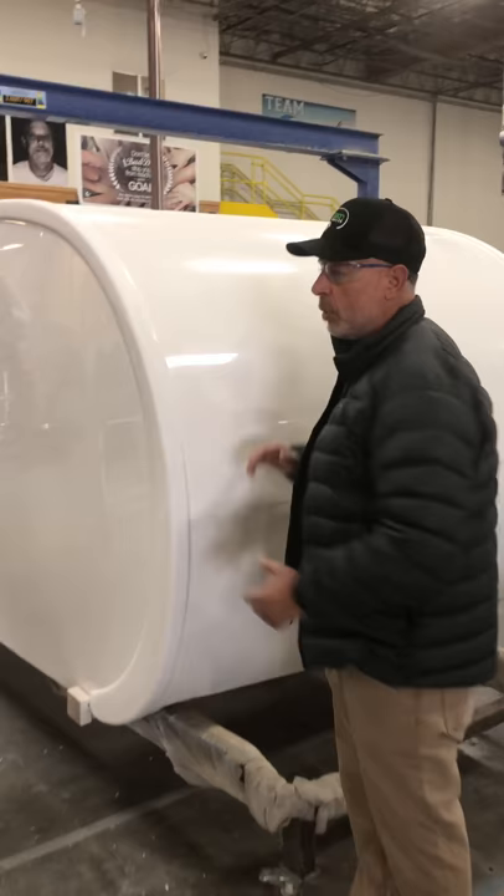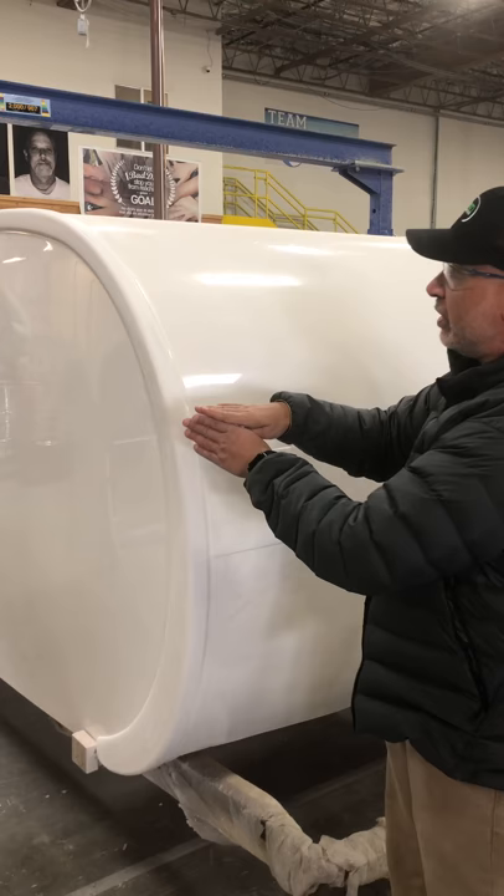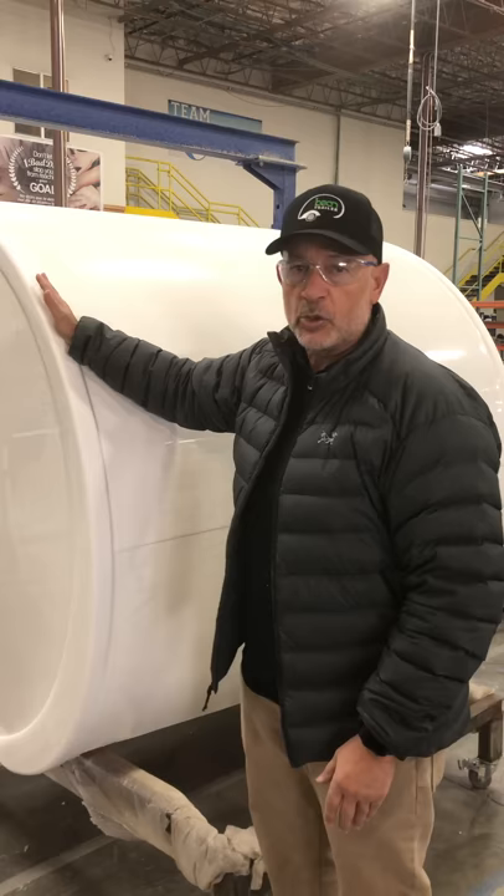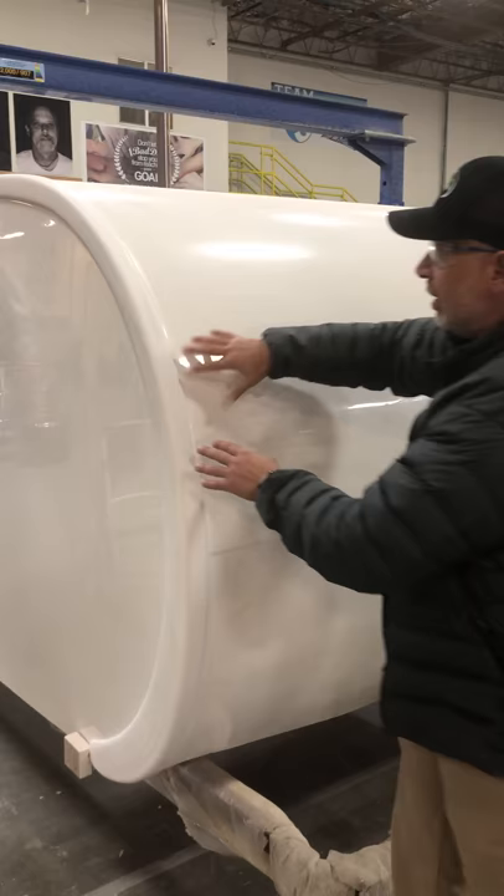Most trailers are a sidewall and a roof that are screwed and glued together, and then there's a decorative piece that covers up that seam. That's usually the area where there's a problem with water intrusion. Because we have no seam, you can't have water intrusion. We have molded fiberglass that's all one piece, so you don't have any water dripping or dirt catching seams to worry about.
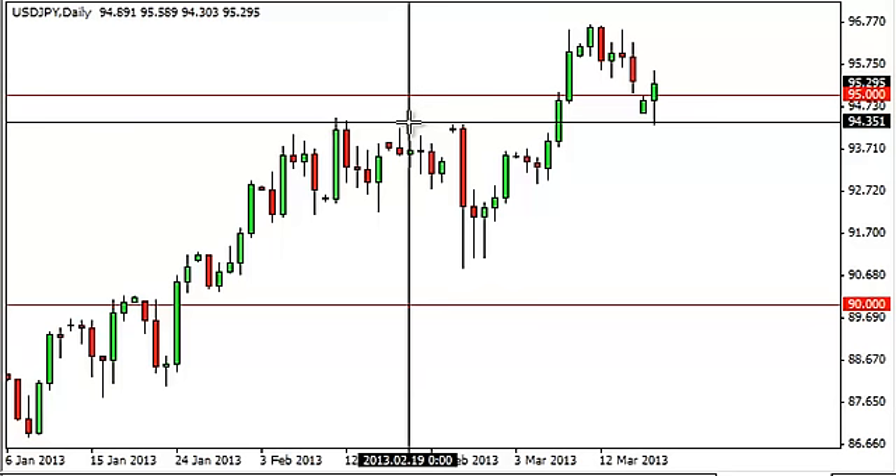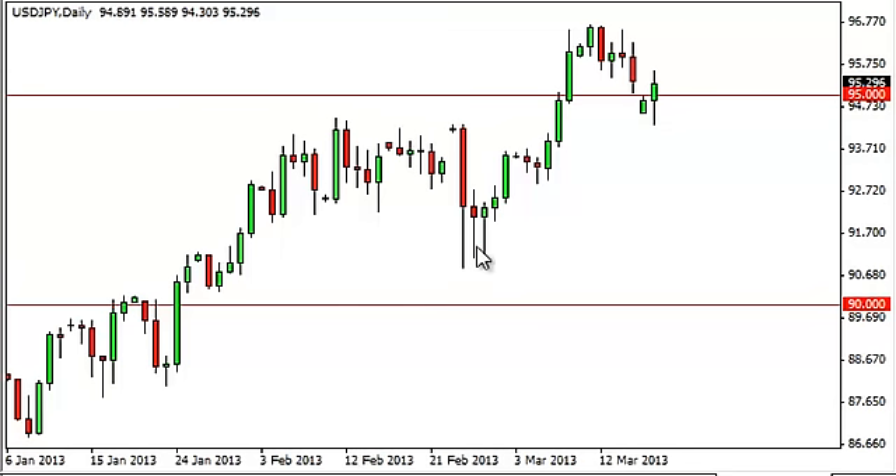On top of that, Abe, the new PM, has suggested that he and a couple members of the Bank of Japan suggested that the proper valuation range for the yen would be between 95 and 100. So here we are at 95, just above it, and we've got some kind of supportive looking action here.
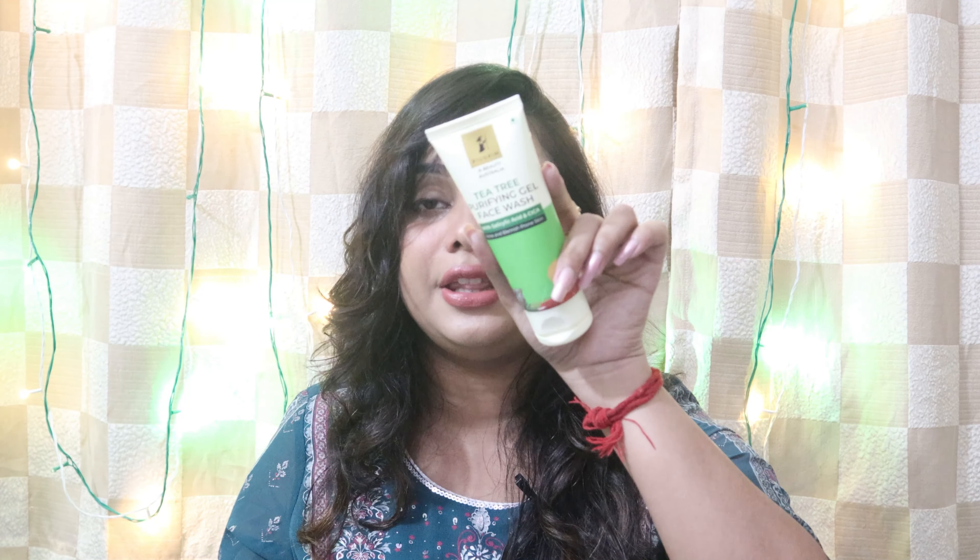The first product is their Purifying Gel Face Wash — you can see in the demonstration how great it is. It is enriched with salicylic acid and cica. Salicylic acid helps to cure acne from within by penetrating into the deeper layers of the skin. If you have oily skin, this will be your go-to because it's a gentle gel formulation.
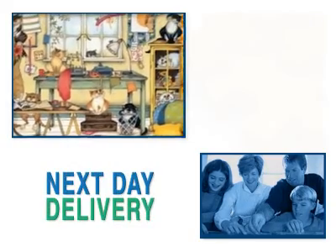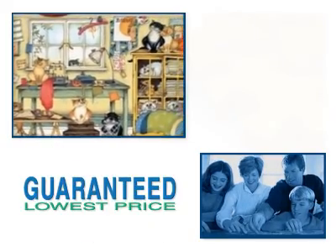Enjoy this crazy cats in the craft room puzzle from Jumbo. It's available now from alljigsawpuzzles.co.uk.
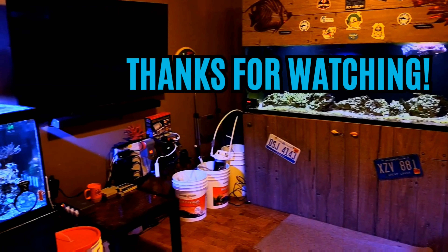Well guys, that'll do it for this video. Up next will be the monthly update video for November — that'll be next week, so I'll see you soon. Happy Reefing!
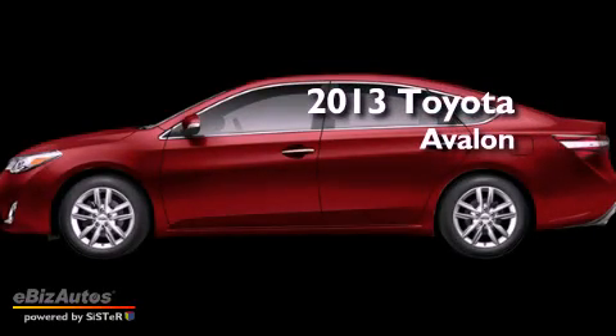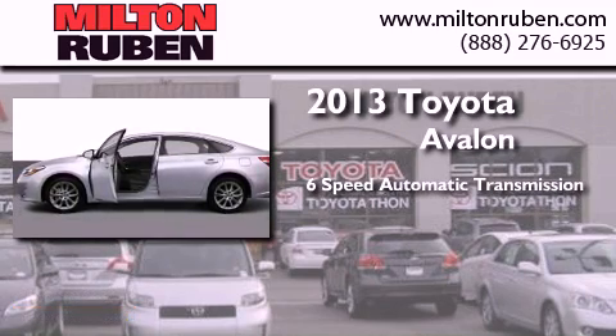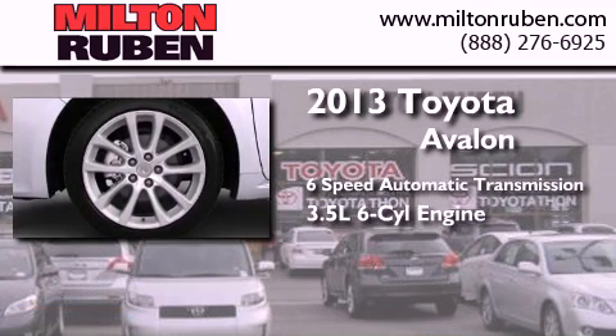This is a brand-new 2013 Toyota Avalon. This four-door sedan has a six-speed automatic transmission and a 3.5-liter V6.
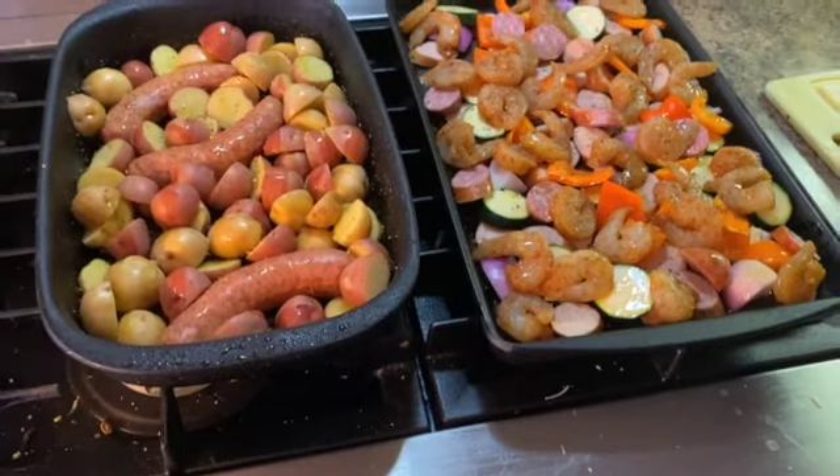Hi guys, welcome to another what's for dinner. Today I'm sharing a full week of dinners — there's healthy ones, not so healthy ones, low carb ones, and an option for non-low carb, so come along for dinner.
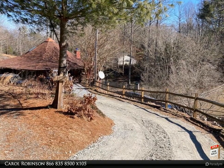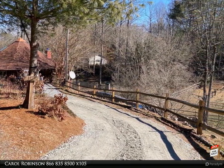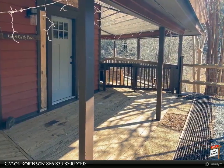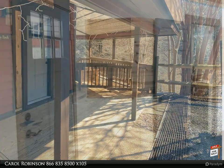This Coldwell Banker High Country Realty property video is presented by Carol Robinson. This renovated and custom round house will sure to please — you will love how contemporary flair meets rustic charm. The main level is one large great room.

• • • •

WHAT TO PRODUCE: Your task is to retype all the entries exactly and leave out any pictures.

WRITTEN ANSWER:
Most trailers are a sidewall and a roof that are screwed and glued together, and then there's a decorative piece that covers up that seam. That's usually the area where there's a problem with water intrusion. Because we have no seam, you can't have water intrusion. We have molded fiberglass that's all one piece, so you don't have any water dripping or dirt catching seams to worry about.
On top of that, Abe, the new PM, has suggested that he and a couple members of the Bank of Japan suggested that the proper valuation range for the yen would be between 95 and 100. So here we are at 95, just above it, and we've got some kind of supportive looking action here.
The first product is their Purifying Gel Face Wash — you can see in the demonstration how great it is. It is enriched with salicylic acid and cica. Salicylic acid helps to cure acne from within by penetrating into the deeper layers of the skin. If you have oily skin, this will be your go-to because it's a gentle gel formulation.
Enjoy this crazy cats in the craft room puzzle from Jumbo. It's available now from alljigsawpuzzles.co.uk.
Well guys, that'll do it for this video. Up next will be the monthly update video for November — that'll be next week, so I'll see you soon. Happy Reefing!
This is a brand-new 2013 Toyota Avalon. This four-door sedan has a six-speed automatic transmission and a 3.5-liter V6.
Hi guys, welcome to another what's for dinner. Today I'm sharing a full week of dinners — there's healthy ones, not so healthy ones, low carb ones, and an option for non-low carb, so come along for dinner.
This Coldwell Banker High Country Realty property video is presented by Carol Robinson. This renovated and custom round house will sure to please — you will love how contemporary flair meets rustic charm. The main level is one large great room.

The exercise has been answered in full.